Family of Man Killed by APD Seeks Answers
The parents of Alex Gonzales file complaint with the Office of Police Oversight
The parents of Alex Gonzales, killed by police on Jan. 5, are pressing the Austin Police Department for more information about their son's death. Last week, they filed a complaint with the Office of Police Oversight, which will be forwarded to APD's Internal Affairs division for investigation.
"My world has been shattered," Alex Gonzales' mother, Elizabeth, said of her life since the loss of her son, at a press conference held on Saturday, Jan. 30. "He was my everything ... I'm going to make a difference and [APD] is going to remember my son's name. This has got to stop."
Internal Affairs is already investigating to determine whether the officer believed to have killed Gonzales, Luis Serrato, or the still-unidentified off-duty officer who fired on Gonzales' vehicle when the altercation began violated department policy in doing so. The OPO complaint will allow the Gonzales family to be updated on the progress of IA's probe; once IA has completed its work, the family will receive a full briefing on the investigation and whether either officer was disciplined by police Chief Brian Manley.

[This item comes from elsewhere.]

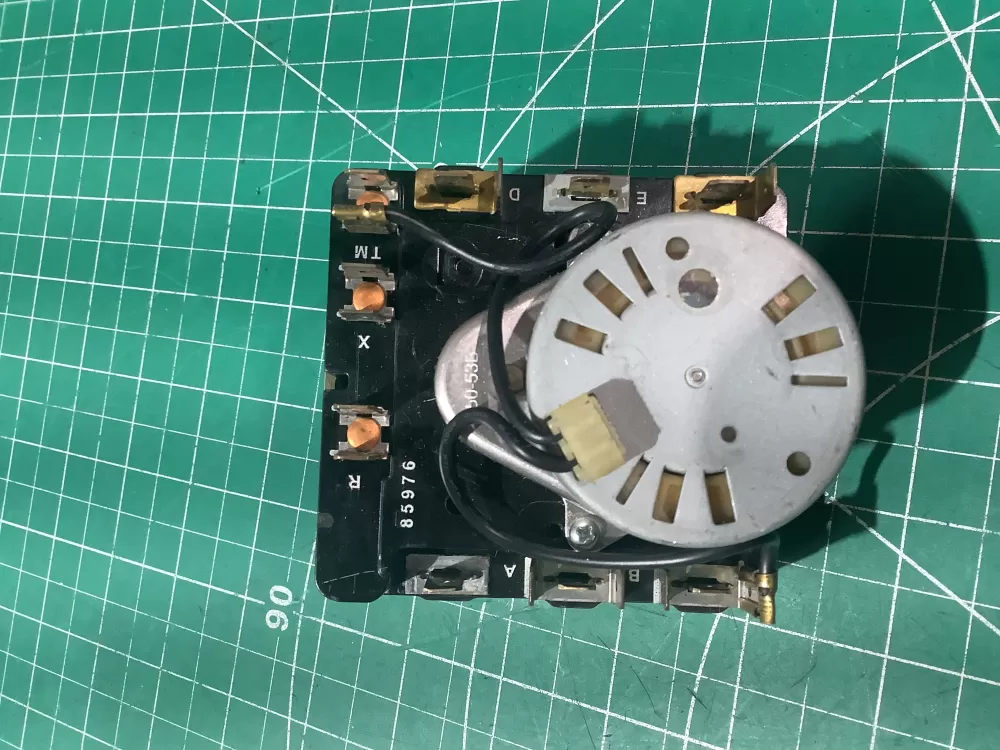 Frigidaire 131062300 5303285734 Dryer Timer Control AZ190308 | AR315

The family and other observers already have many unanswered questions due to inconsistencies between what can be seen in bystander video of the shooting, Manley's description of the events to reporters the night of the shooting, and the death-in-custody report he was required to submit to the Texas Attorney General's Office. In the A.G. report, Manley says that Gonzales physically attempted to assault officers. However, the chief's public statements indicated the off-duty officer fired into Gonzales' vehicle before it came to a stop, after Gonzales allegedly brandished a weapon. Bystander video, which captures events from that point (before Serrato and other officers arrived), does not show Gonzales attempting to assault any officers at the scene.
Serrato is the only officer named in Travis County D.A. José Garza's latest update to the community on criminal inquiries against law enforcement officers. The D.A.'s policy is not to identify officers under active investigation unless the information is publicly available elsewhere. The absence of the off-duty officer's name from the list led the Gonzales family to believe he is not being investigated. However, according to the D.A.'s Office, the next report from the Civil Rights Unit – coming by the end of next week – reflects that the off-duty officer's conduct is also under review.

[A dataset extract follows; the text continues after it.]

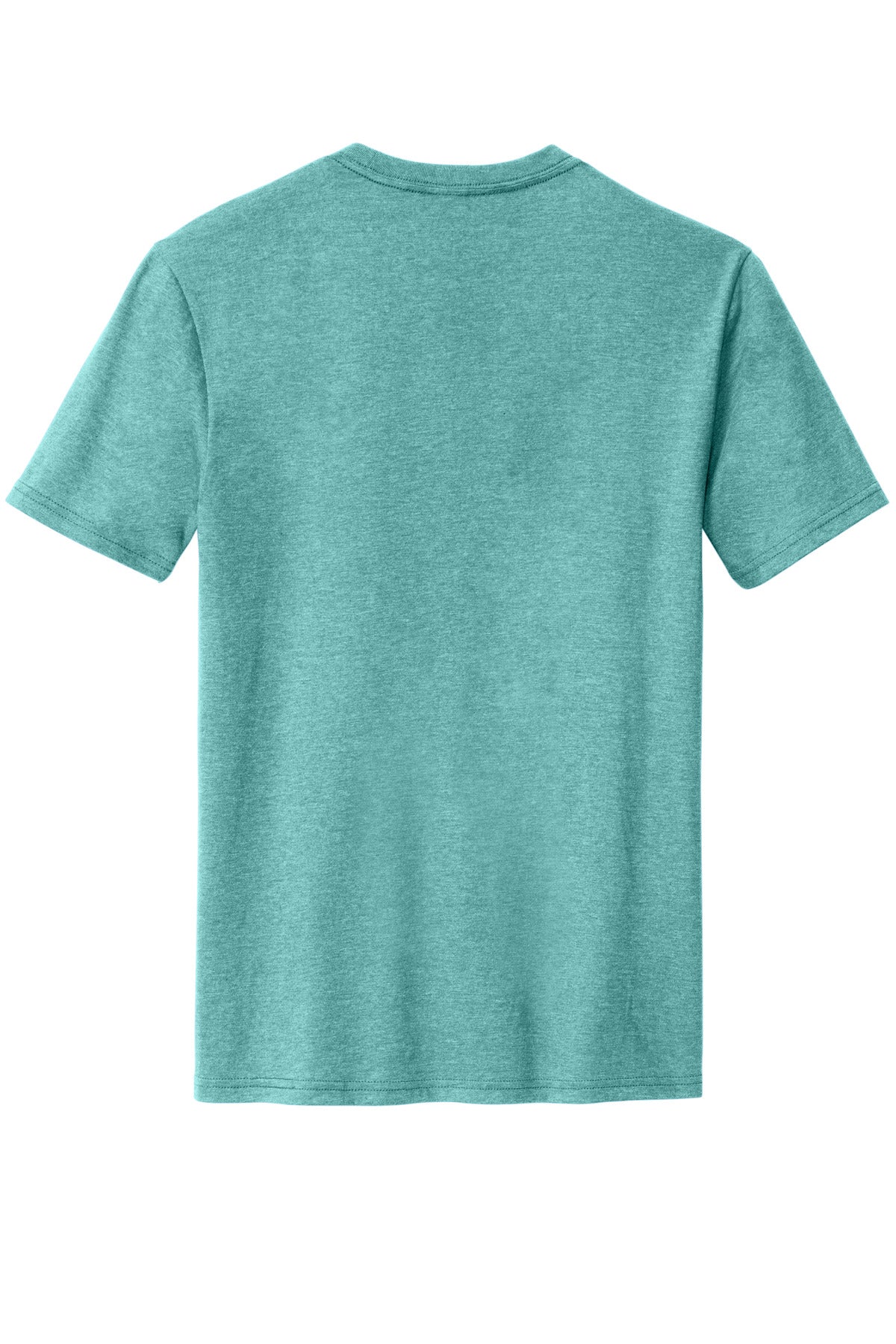 District Perfect Blend CVC Tee. DM108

"The family wants to know what happened," said Rebecca Webber, who is representing the Gonzales family. "They want accountability, they want transparency through this process, and whatever measure of justice can come out of something like this."

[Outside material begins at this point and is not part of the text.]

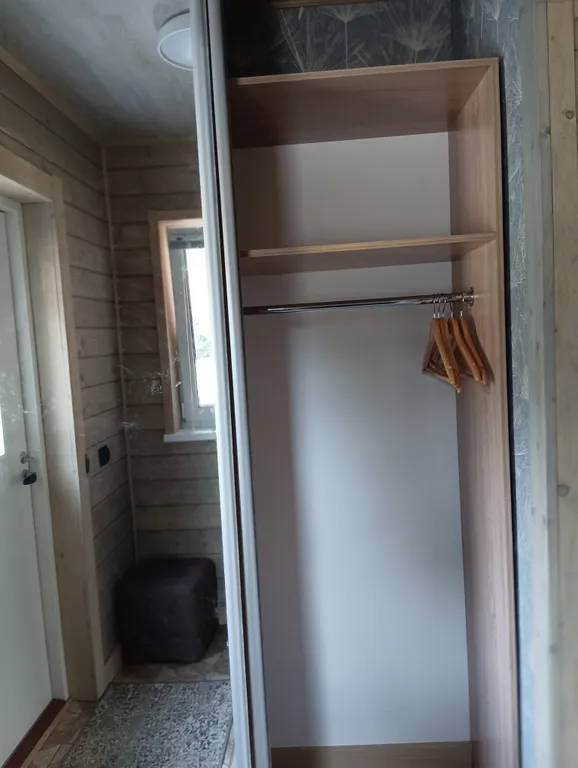 Дом с видом на озеро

APD and OPO are working to produce a "critical incident community briefing" video for this shooting, as called for by city policy, which they expect to release in early March. That video could include audio from the 911 call made by the off-duty officer after he shot at the Gonzales vehicle, possibly injuring Gonzales or his girlfriend, Jessica Arellano, in the passenger seat, as well as video captured by dashboard and body-worn cameras from the uniformed officers at the scene. Other than this footage and testimony from the officers involved, Arellano is the only source of information about what happened that night. Her attorney, Jeff Edwards, reports that she is recovering from injuries sustained that night, but declined to provide more information at this time.